(Beginning of Source data)
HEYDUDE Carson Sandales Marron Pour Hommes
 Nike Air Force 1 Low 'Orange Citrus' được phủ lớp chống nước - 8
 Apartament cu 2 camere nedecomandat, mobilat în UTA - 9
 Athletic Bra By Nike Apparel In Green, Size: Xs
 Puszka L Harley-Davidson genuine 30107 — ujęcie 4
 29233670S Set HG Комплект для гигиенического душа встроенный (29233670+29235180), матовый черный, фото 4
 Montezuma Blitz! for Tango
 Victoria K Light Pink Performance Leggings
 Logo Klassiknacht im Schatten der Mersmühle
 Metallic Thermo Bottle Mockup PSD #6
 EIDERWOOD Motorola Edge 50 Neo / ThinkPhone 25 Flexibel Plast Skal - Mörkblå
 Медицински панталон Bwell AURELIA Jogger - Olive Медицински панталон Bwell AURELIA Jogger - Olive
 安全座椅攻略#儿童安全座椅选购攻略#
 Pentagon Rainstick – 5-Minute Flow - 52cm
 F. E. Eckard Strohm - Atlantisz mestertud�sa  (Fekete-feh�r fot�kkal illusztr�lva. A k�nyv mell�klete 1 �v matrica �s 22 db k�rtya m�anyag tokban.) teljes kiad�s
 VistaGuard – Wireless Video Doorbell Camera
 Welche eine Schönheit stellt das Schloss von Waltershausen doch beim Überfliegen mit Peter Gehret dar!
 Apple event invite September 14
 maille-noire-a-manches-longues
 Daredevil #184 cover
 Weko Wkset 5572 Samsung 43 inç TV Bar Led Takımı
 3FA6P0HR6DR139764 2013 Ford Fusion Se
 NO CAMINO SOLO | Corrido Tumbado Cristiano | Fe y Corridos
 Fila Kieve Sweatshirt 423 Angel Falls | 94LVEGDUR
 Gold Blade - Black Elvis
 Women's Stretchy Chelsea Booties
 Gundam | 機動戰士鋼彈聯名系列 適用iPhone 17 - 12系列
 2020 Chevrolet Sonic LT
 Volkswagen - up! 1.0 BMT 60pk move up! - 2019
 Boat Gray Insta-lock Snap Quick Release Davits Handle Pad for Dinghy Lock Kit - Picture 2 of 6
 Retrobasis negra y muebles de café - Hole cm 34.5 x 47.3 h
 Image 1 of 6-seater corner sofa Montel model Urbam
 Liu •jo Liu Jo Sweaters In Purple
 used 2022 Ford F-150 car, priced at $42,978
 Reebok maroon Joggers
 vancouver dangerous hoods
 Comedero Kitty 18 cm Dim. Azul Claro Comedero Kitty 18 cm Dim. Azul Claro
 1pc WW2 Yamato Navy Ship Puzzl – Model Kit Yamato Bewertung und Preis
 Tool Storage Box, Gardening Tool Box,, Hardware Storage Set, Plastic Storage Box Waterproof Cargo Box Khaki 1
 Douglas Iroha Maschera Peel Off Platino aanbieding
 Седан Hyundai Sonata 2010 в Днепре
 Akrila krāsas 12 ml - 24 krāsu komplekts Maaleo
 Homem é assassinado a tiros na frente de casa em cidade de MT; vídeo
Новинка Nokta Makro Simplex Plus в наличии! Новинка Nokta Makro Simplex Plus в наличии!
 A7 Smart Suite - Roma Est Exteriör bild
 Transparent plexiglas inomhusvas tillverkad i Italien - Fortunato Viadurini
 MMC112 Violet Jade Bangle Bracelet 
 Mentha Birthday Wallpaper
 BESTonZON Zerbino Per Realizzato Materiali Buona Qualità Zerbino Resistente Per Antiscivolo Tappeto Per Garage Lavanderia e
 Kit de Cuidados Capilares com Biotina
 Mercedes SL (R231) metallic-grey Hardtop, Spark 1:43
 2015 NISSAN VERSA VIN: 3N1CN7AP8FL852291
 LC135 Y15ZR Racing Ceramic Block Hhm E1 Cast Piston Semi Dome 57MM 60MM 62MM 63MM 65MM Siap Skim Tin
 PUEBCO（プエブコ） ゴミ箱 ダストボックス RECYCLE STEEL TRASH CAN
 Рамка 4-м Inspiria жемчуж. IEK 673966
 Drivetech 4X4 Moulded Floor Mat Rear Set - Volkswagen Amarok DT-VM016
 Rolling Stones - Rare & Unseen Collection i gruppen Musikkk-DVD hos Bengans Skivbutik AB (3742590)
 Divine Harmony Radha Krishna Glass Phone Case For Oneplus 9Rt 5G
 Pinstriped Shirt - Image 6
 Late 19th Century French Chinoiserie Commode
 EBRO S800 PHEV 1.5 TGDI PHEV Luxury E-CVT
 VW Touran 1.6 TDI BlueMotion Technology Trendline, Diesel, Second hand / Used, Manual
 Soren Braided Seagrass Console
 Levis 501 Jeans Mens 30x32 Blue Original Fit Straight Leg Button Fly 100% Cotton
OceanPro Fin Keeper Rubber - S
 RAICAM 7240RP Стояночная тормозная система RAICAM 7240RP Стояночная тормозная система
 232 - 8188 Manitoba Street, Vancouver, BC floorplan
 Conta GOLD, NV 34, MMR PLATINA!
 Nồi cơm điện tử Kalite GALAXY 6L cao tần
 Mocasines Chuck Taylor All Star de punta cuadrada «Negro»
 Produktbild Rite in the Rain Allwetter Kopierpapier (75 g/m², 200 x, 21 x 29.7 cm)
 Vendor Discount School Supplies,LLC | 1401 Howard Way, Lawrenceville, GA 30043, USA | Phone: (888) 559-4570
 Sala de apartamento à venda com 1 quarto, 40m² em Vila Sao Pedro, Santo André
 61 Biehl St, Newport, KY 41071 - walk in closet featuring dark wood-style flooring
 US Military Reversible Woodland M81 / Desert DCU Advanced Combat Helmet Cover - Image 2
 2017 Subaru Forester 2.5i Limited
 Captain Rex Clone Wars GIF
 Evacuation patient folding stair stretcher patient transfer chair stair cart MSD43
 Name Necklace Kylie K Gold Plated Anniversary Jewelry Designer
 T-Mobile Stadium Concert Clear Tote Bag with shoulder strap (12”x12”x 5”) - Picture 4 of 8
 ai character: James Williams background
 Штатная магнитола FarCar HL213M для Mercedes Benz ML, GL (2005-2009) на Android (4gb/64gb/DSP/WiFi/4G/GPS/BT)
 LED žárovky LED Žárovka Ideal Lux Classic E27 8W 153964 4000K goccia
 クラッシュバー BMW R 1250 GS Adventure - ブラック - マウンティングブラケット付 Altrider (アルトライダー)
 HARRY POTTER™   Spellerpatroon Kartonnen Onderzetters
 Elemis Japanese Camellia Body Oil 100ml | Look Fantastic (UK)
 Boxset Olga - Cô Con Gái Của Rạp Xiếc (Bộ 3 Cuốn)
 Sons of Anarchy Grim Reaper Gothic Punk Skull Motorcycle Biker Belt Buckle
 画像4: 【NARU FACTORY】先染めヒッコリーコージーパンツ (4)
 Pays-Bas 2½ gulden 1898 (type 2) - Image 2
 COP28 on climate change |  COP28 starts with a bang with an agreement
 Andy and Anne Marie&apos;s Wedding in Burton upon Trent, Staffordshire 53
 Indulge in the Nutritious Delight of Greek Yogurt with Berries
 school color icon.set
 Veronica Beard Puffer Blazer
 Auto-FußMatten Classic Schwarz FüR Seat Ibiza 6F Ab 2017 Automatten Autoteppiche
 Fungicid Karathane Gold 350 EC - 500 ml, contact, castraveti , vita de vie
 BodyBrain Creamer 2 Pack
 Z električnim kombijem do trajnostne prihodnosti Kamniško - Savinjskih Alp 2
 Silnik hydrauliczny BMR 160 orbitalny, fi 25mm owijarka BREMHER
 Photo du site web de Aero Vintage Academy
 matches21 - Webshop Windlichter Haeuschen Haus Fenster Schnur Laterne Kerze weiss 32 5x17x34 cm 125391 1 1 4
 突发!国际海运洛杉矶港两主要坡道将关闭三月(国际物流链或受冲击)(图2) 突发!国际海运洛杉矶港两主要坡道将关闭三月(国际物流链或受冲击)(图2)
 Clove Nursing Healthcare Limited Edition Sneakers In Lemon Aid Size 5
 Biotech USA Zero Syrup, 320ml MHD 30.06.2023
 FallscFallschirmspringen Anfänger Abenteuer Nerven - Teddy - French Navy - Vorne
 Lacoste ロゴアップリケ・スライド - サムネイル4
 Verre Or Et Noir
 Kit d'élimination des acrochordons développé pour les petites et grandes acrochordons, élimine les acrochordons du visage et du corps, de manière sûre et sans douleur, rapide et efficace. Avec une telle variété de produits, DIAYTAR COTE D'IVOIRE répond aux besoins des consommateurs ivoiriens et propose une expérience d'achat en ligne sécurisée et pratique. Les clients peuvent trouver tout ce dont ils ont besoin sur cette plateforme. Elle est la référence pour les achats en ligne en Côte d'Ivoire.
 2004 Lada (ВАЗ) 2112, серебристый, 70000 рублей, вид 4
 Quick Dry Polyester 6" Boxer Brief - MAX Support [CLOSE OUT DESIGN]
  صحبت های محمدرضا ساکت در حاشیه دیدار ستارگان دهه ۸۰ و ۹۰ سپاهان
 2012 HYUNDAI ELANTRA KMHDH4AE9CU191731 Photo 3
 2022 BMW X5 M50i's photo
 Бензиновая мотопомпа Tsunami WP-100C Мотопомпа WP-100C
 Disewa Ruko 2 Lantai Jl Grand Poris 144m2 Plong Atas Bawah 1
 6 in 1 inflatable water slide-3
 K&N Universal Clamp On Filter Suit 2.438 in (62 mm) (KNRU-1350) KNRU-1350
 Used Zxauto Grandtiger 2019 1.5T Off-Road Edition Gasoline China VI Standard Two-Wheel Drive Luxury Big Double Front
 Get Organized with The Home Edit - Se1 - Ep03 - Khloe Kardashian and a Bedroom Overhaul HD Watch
(End of Source data)
§ **What to do**: Quote the data above from the line containing "Apple event invite September 14" to the line containing "used 2022 Ford F-150 car, priced at $42,978", inclusive, and stop.

§ **Written solution**:
 Apple event invite September 14
 maille-noire-a-manches-longues
 Daredevil #184 cover
 Weko Wkset 5572 Samsung 43 inç TV Bar Led Takımı
 3FA6P0HR6DR139764 2013 Ford Fusion Se
 NO CAMINO SOLO | Corrido Tumbado Cristiano | Fe y Corridos
 Fila Kieve Sweatshirt 423 Angel Falls | 94LVEGDUR
 Gold Blade - Black Elvis
 Women's Stretchy Chelsea Booties
 Gundam | 機動戰士鋼彈聯名系列 適用iPhone 17 - 12系列
 2020 Chevrolet Sonic LT
 Volkswagen - up! 1.0 BMT 60pk move up! - 2019
 Boat Gray Insta-lock Snap Quick Release Davits Handle Pad for Dinghy Lock Kit - Picture 2 of 6
 Retrobasis negra y muebles de café - Hole cm 34.5 x 47.3 h
 Image 1 of 6-seater corner sofa Montel model Urbam
 Liu •jo Liu Jo Sweaters In Purple
 used 2022 Ford F-150 car, priced at $42,978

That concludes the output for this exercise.